No picture belongs in the answer, which must hold exactly the lines from the one with "Little Feet - Mangere" through the final line below.

**DATASET SECTION**
******

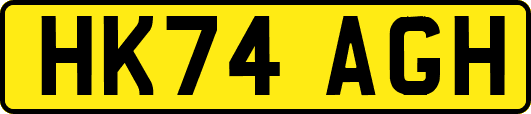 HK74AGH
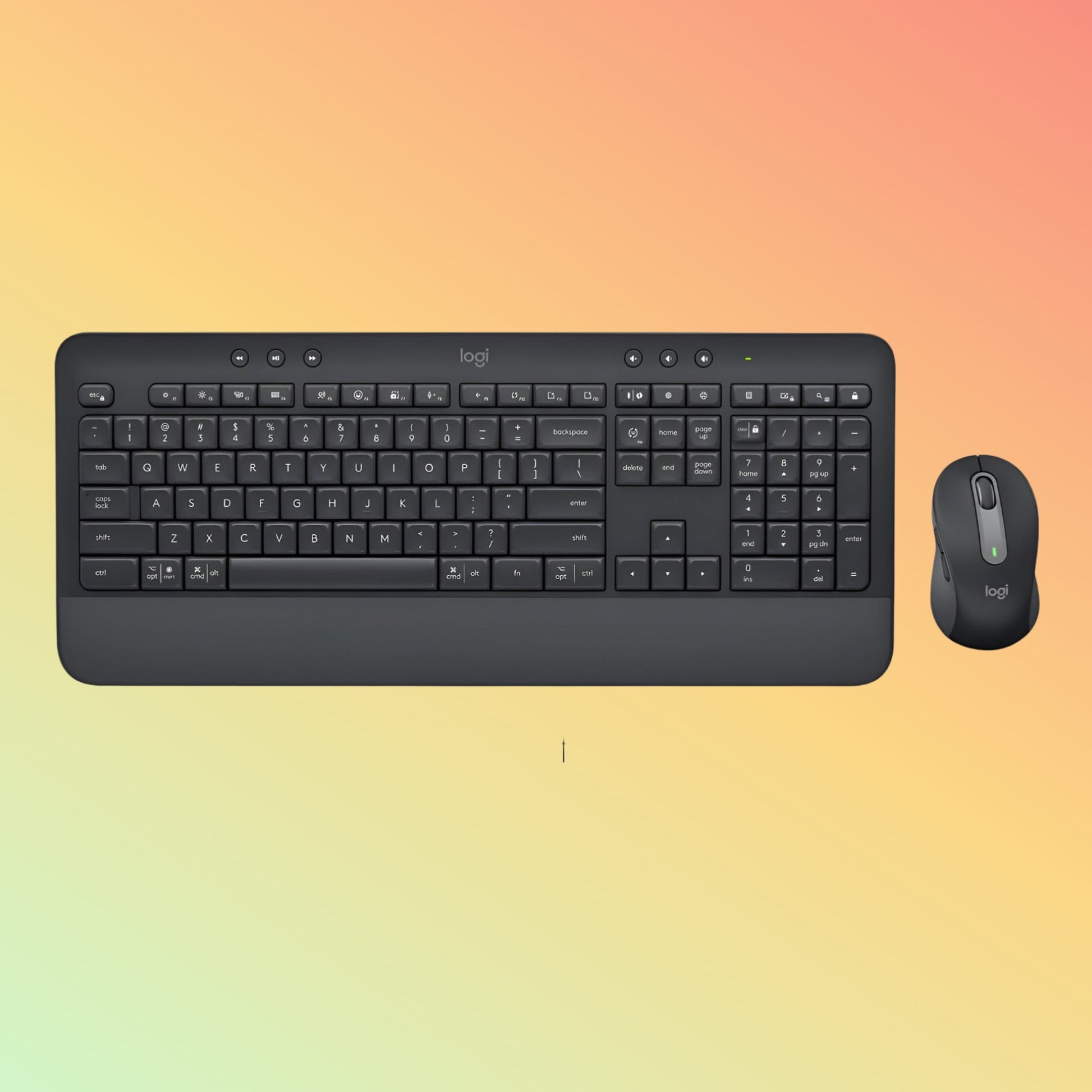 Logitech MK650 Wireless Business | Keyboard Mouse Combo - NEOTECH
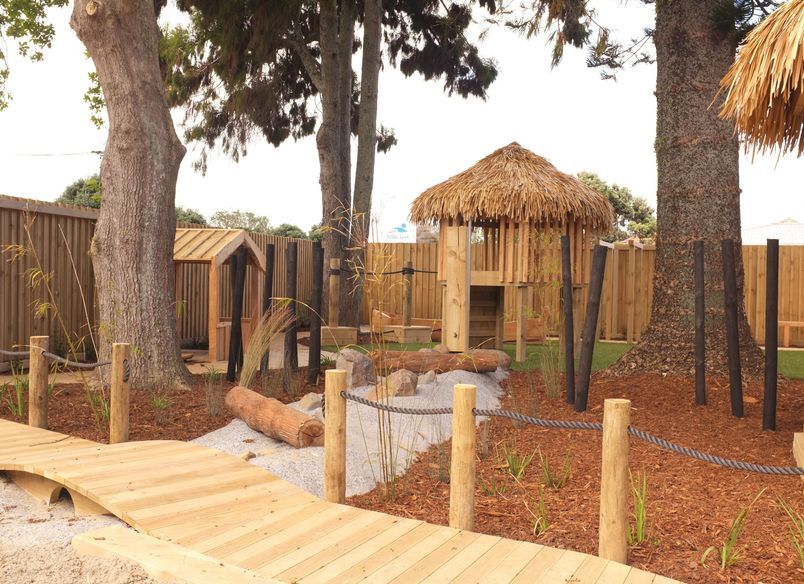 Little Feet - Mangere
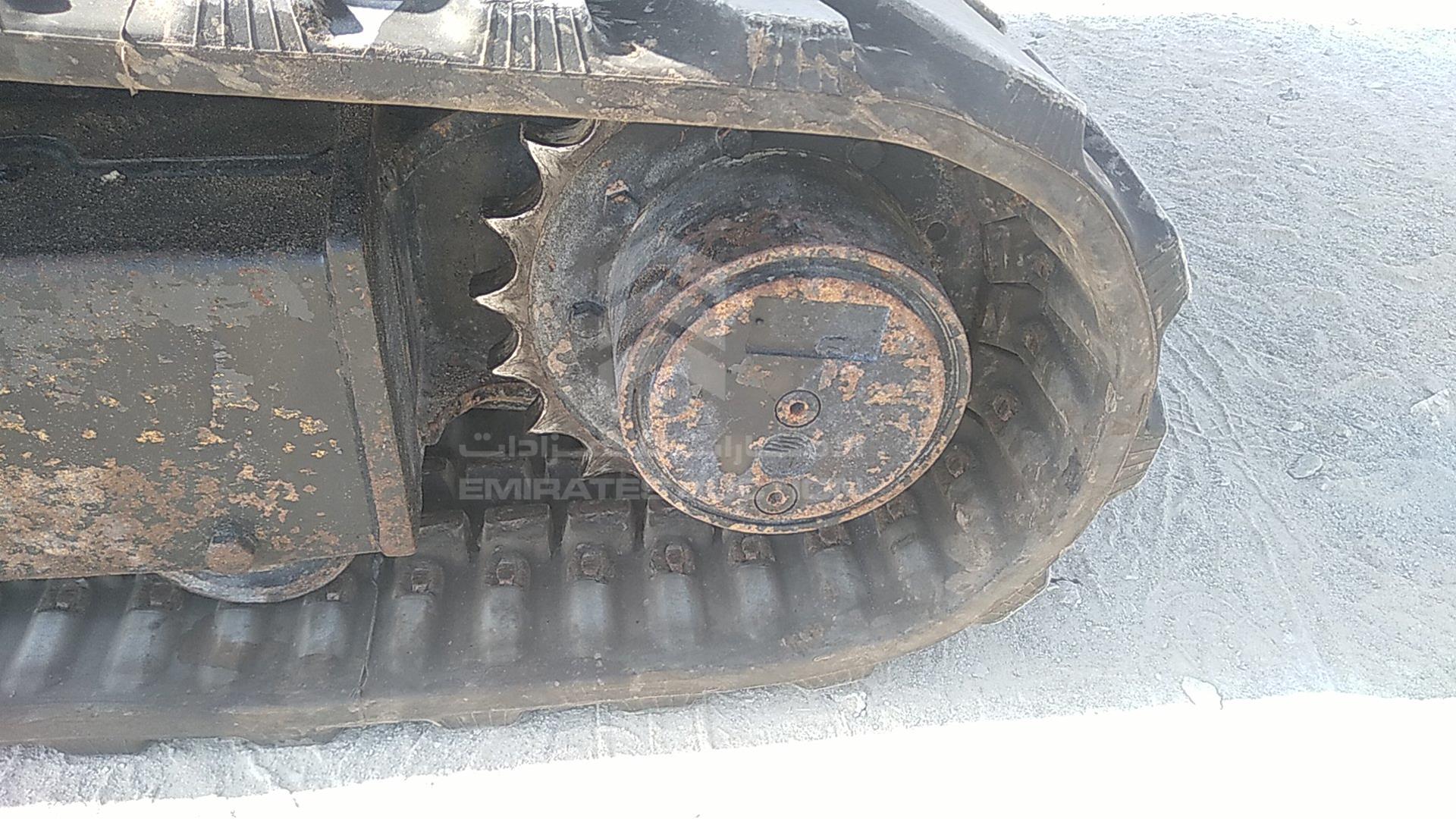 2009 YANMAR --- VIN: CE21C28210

******

**SOLVED EXERCISE**
 Little Feet - Mangere
 2009 YANMAR --- VIN: CE21C28210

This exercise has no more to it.